== Data section ==
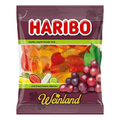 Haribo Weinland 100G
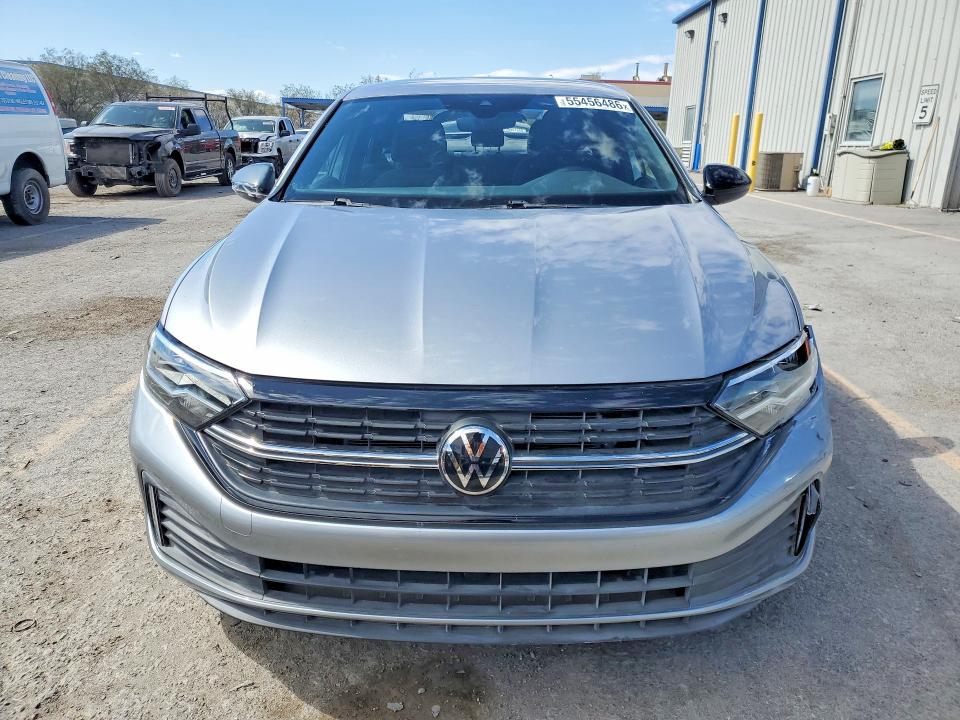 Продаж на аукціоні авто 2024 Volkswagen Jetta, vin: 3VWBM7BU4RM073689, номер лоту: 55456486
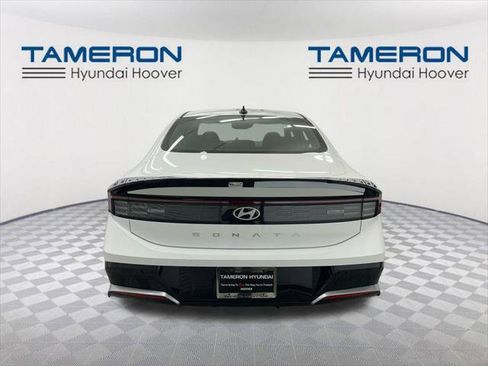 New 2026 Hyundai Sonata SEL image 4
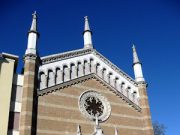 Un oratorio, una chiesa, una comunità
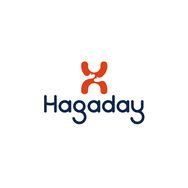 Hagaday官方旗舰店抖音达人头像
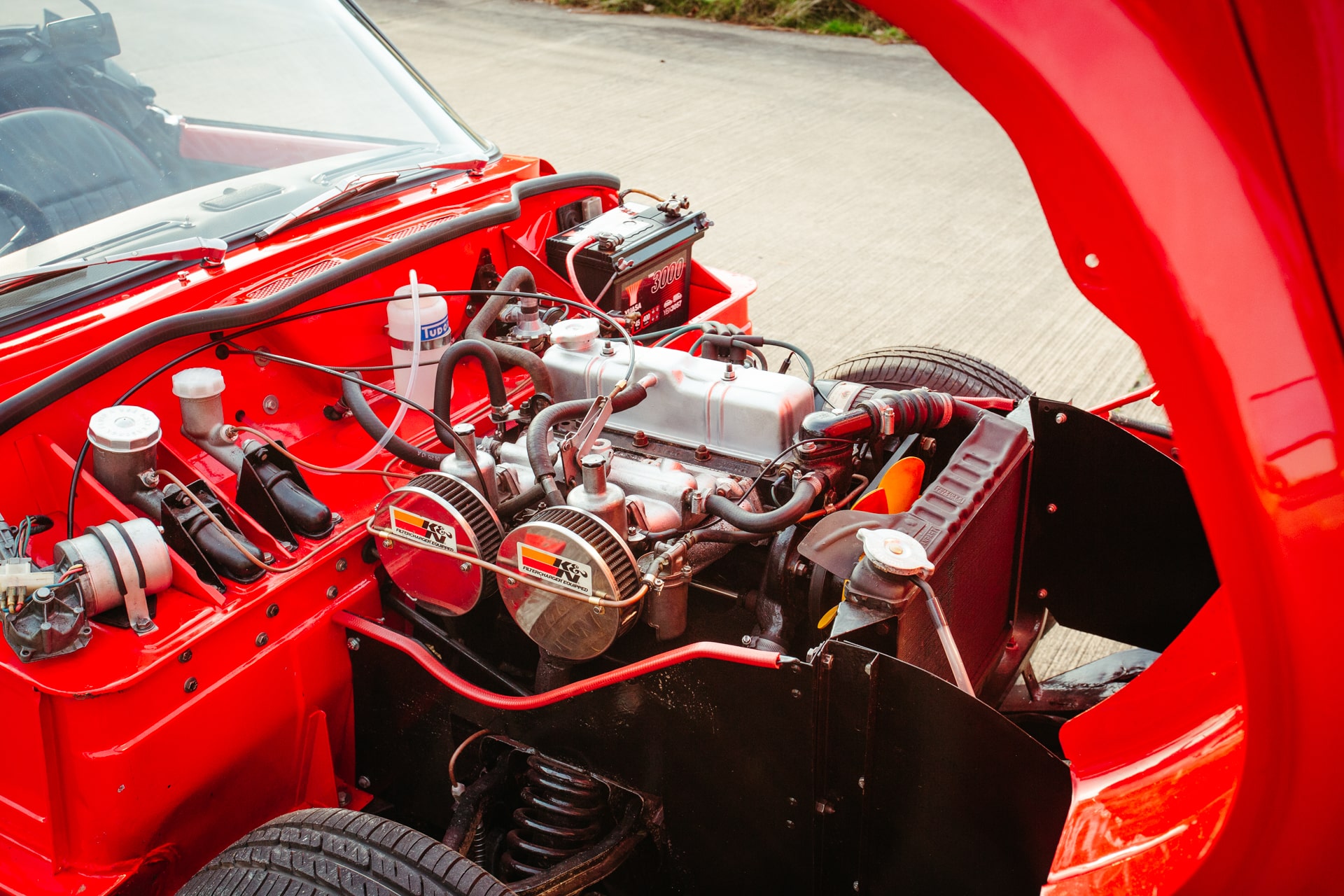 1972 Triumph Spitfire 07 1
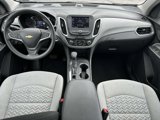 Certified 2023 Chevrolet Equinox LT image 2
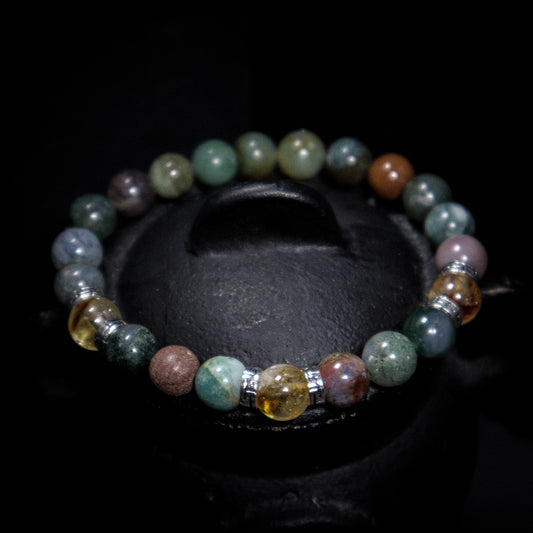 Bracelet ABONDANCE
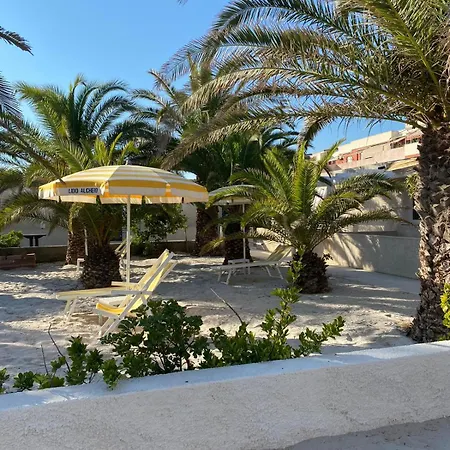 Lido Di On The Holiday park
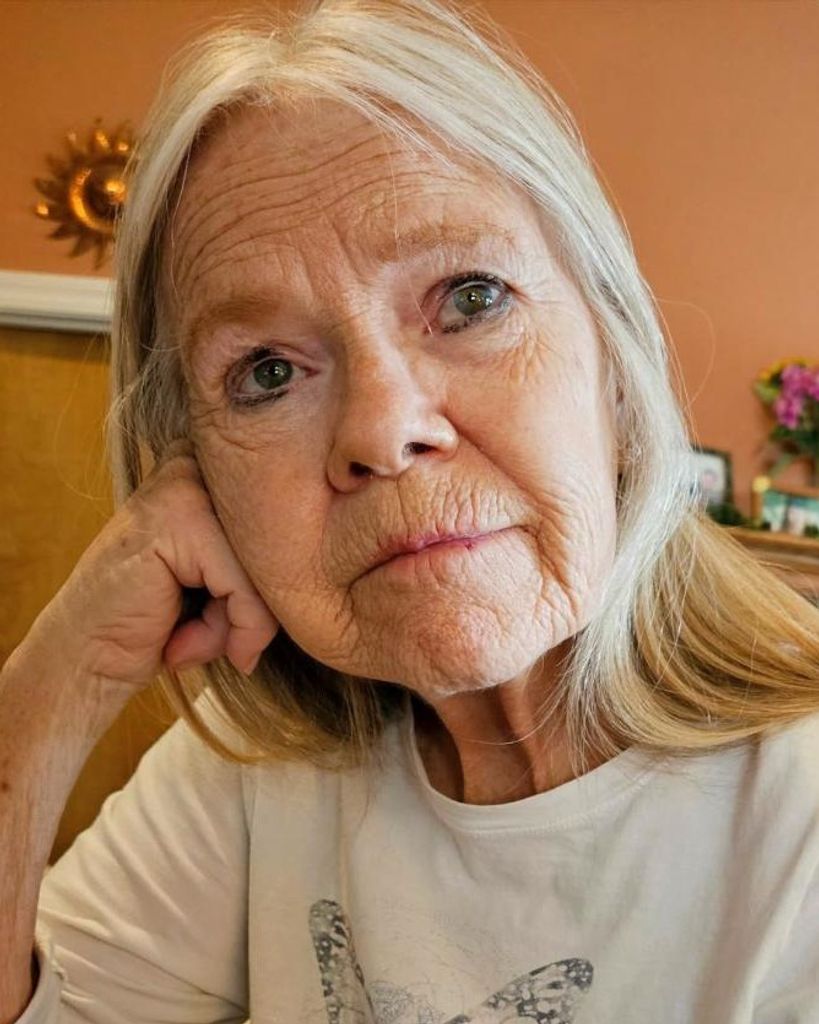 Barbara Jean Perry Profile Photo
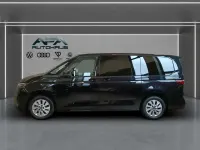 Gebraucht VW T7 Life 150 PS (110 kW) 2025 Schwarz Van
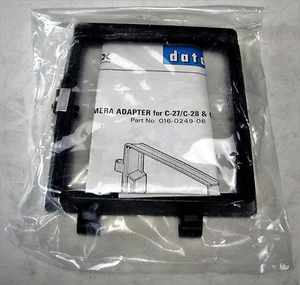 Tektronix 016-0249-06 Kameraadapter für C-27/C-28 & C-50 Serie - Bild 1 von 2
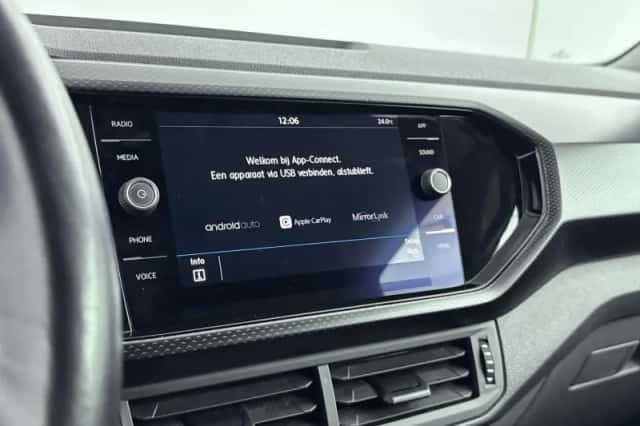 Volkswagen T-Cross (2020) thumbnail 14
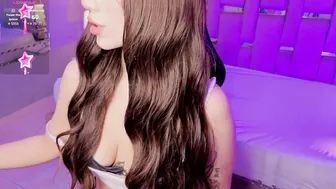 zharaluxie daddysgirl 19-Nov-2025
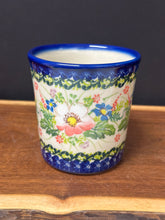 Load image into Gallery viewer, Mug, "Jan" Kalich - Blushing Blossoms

== Your goal ==
What do the lines above say from the line containing "Certified 2023 Chevrolet Equinox LT image 2" through the last line? Quote them exactly, both ends included, and leave out the pictures.

== Response area ==
 Certified 2023 Chevrolet Equinox LT image 2
 Bracelet ABONDANCE
 Lido Di On The Holiday park
 Barbara Jean Perry Profile Photo
 Gebraucht VW T7 Life 150 PS (110 kW) 2025 Schwarz Van
 Tektronix 016-0249-06 Kameraadapter für C-27/C-28 & C-50 Serie - Bild 1 von 2
 Volkswagen T-Cross (2020) thumbnail 14
 zharaluxie daddysgirl 19-Nov-2025
 Load image into Gallery viewer, Mug, "Jan" Kalich - Blushing Blossoms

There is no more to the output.